> _DATA SHOWN_:

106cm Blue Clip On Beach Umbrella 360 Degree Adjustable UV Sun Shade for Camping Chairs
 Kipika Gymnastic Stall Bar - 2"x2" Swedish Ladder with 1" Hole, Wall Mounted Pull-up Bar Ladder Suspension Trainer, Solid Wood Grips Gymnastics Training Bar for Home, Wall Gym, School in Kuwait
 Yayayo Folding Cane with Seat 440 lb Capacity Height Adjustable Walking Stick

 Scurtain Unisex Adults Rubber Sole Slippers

> _WHAT NEEDS TO BE DONE_: Could you filter the material above and copy each line that holds the word "with"?

> _TASK RESULT_:
 Kipika Gymnastic Stall Bar - 2"x2" Swedish Ladder with 1" Hole, Wall Mounted Pull-up Bar Ladder Suspension Trainer, Solid Wood Grips Gymnastics Training Bar for Home, Wall Gym, School in Kuwait
 Yayayo Folding Cane with Seat 440 lb Capacity Height Adjustable Walking Stick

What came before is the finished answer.